Speaker: Dr. April Nowell

It is estimated that in prehistoric societies children comprised at least forty to sixty-five percent of the population, yet by default, our ancestral landscapes are peopled by adults who hunt, gather, fish, knap tools and make art. But these adults were also parents, grandparents, aunts and uncles who had to make space physically, emotionally, intellectually, and cognitively for the infants, children and adolescents around them. The economic, social, and political roles of Paleolithic children are often understudied because they are assumed to be unknowable or negligible. Drawing on the most recent data from the cognitive sciences and from the ethnographic, fossil, archaeological, and primate records, this talk challenges these assumptions. By rendering the “invisible” children visible, a new understanding will be gained not of the contributions that children have made to the biological and cultural entities we are today.
Dr. April Nowell is a Paleolithic archaeologist and Professor of Anthropology at the University of Victoria, Canada. She directs an international team of researchers in the study of Lower and Middle Paleolithic sites in Jordan and collaborates with colleagues on the study of cave art in Australia and France and on ostrich eggshell beads in South Africa.
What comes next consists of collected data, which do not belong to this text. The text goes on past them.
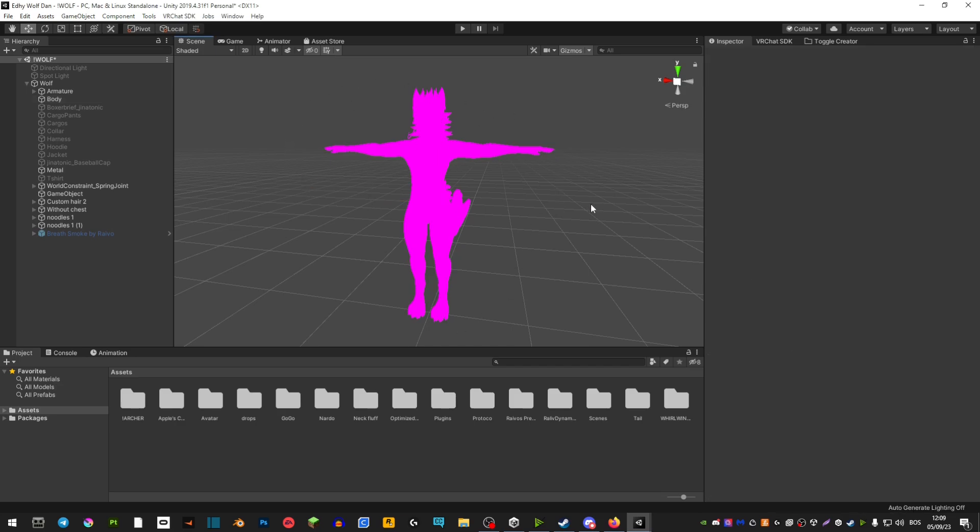Because sometimes when you import a new model that's supposed to have shaders already in it, it can overwrite some stuff and just make it glitch out.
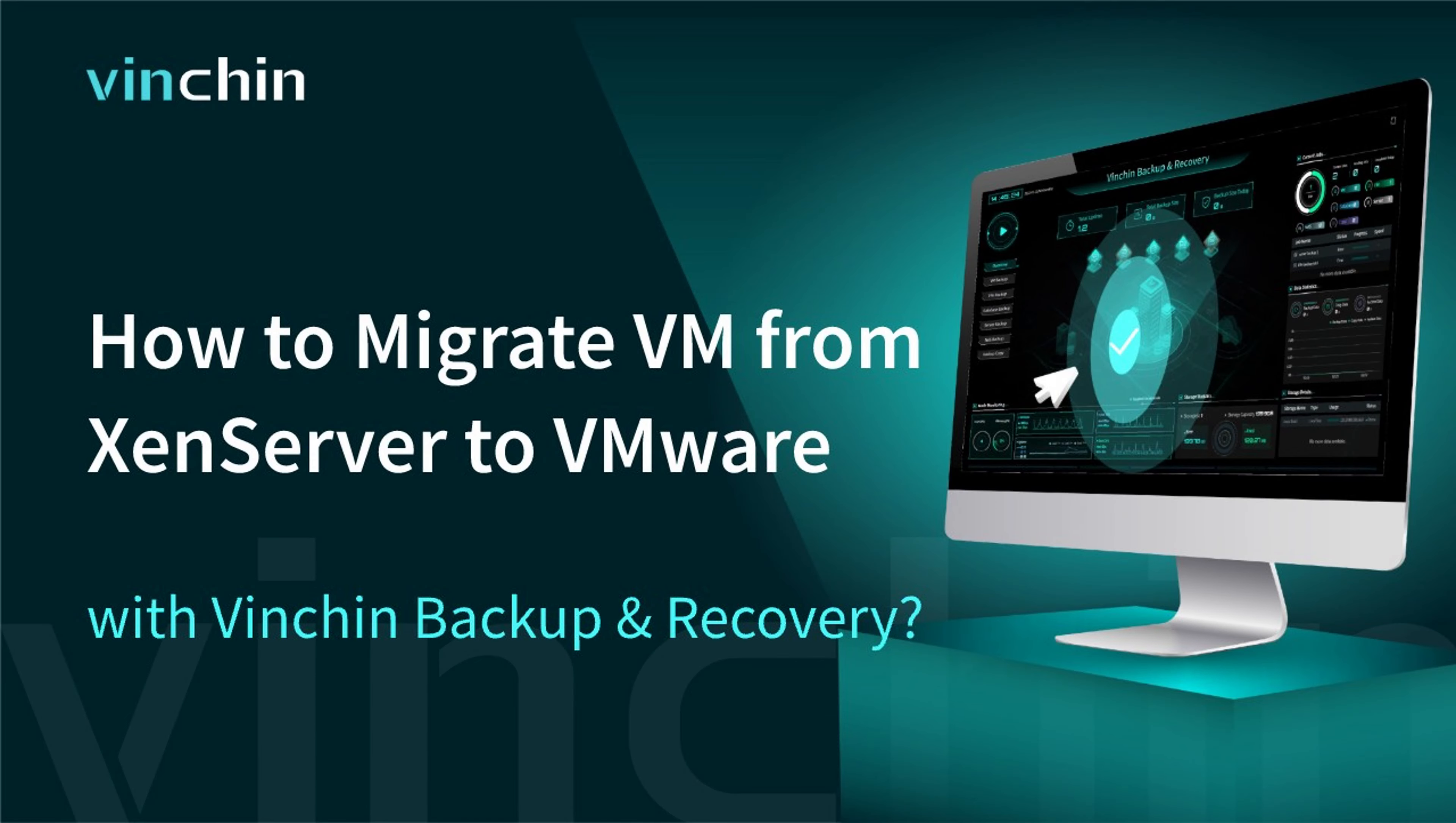Hello and welcome to Vinchin. In this video, you will learn how to migrate VM from XenServer to VMware with Vinchin Backup and Recovery.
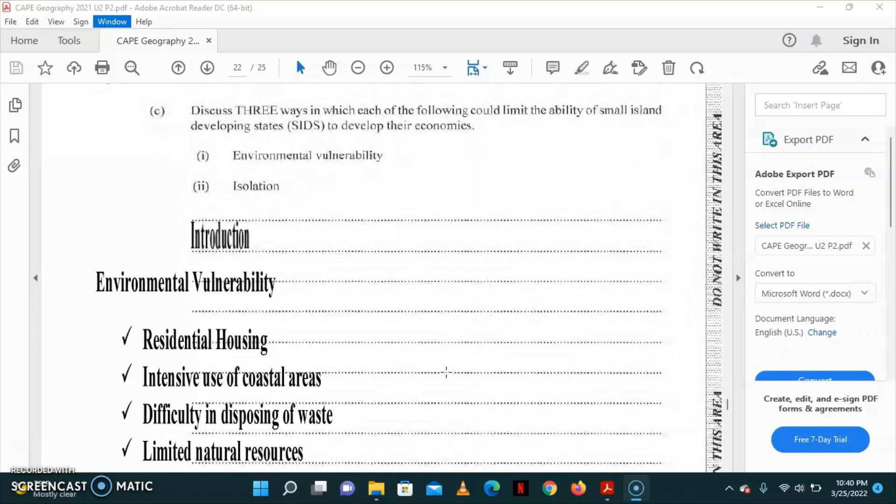They are small in space, but they have to host their population. So, a lot of the agricultural land is being used for housing purposes. The coastal areas are intensively used for marine and tourism-related activities due to its small size. Tourism is concentrated along the coast.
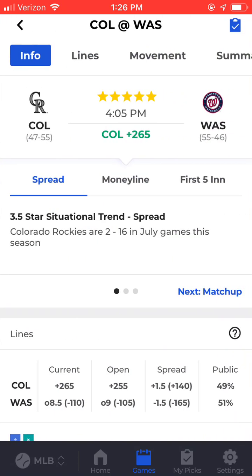The first thing we see towards the top is the same information that was displayed on the last page. We see the game time, the rating that BetQL is assigning to this game, along with the current line.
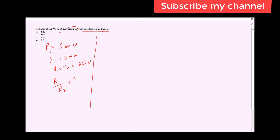We know the formula for power: P is equal to IV, and we also know that V is equal to IR. So we can derive a different formula for power. If we substitute I as V over R, we get P is equal to V squared over R.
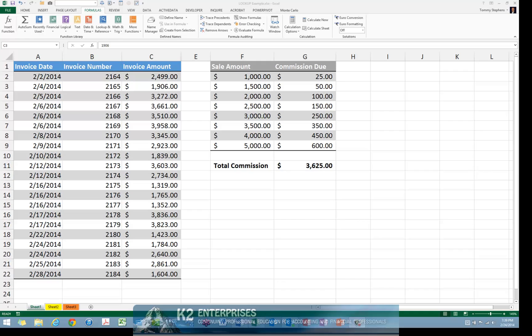If you work in large Excel workbooks, including shared workbooks, keeping track of which cell is the last cell you or another user changed can be difficult, if not impossible. However, by taking advantage of Excel's cell function in combination with the Watch Window feature, you can create an environment that allows you to see the last cell that you changed.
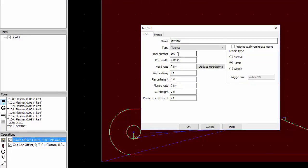It automatically comes up at tool 107. Keep in mind that your feed rate is always zero. All of these numbers are all zero in SheetCAM. We set all this on the machine.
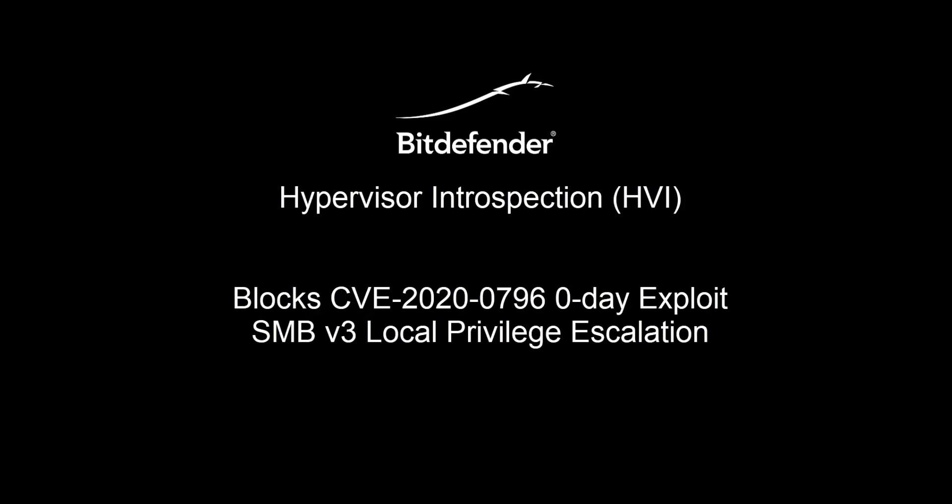Today's subject is CVE-2020-0796, also known as Eternal Darkness, the latest in a series of vulnerabilities affecting the Microsoft Server Message Block Protocol, which was first reported in March of 2020.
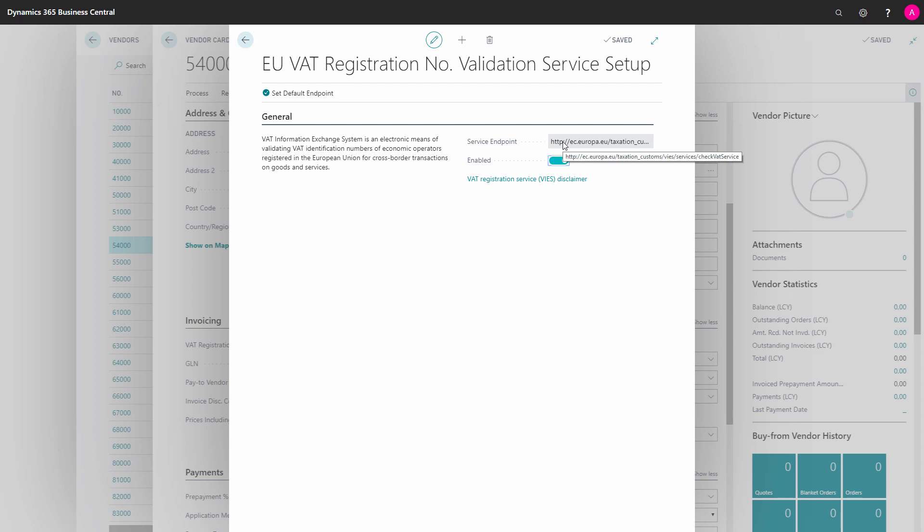The genius thing about this is that you can confirm that the VAT registration number you get from your vendor is in fact a valid VAT registration number. And you will get all times the correct name and address on your vendor card.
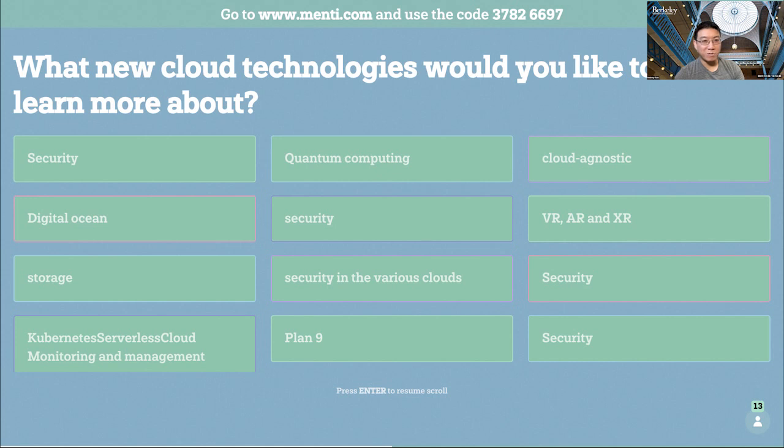Okay. Well, this will be super useful for our planning going forward. And if you have ideas, feel free to just ping us directly. I think we have one more survey question before we wrap up.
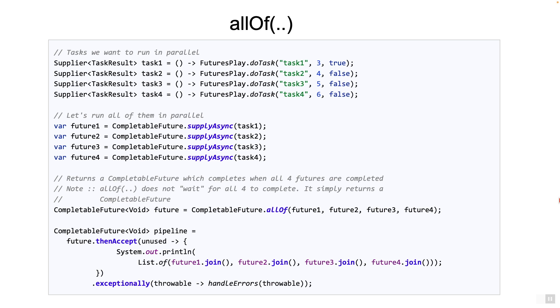We know of one way to handle this, using the thenCombine method. But we can just as well use the allOf method to do this. The allOf method will return a new completable future. This new completable future will complete only after all of the four futures are complete.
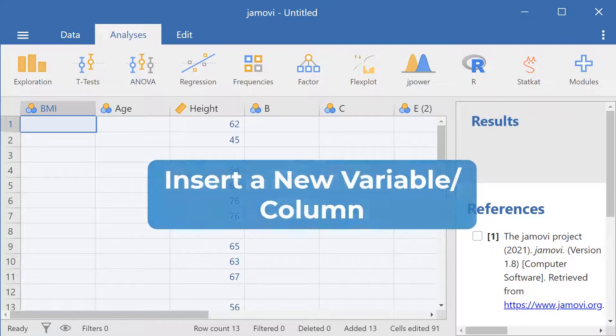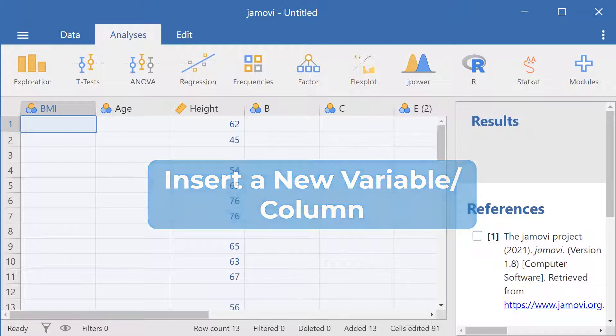Hello everyone and welcome to Jamovi. In this video we're going to be going over how to create a new variable in Jamovi.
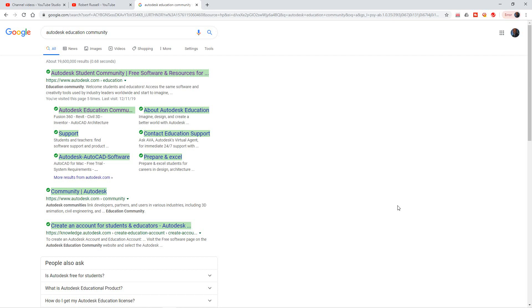Hi everybody, for all of my subscribers here I want to show you how to download Autodesk software so you can follow along in my videos. If you don't have the software, it's totally free if you're a student.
In 2016, she and her colleagues working in Jordan published the world’s oldest identifiable blood on stone tools, demonstrating that 300,000 years ago early humans ate a range of animals from duck to rhinoceros. Her team’s blood residue work was named one of Time Magazine’s top 100 discoveries. She is known for her publications on cognitive archaeology, Paleolithic art, the archaeology of children and the relationship between science, pop culture, and the media. She is the author of the new book Growing Up in the Ice Age.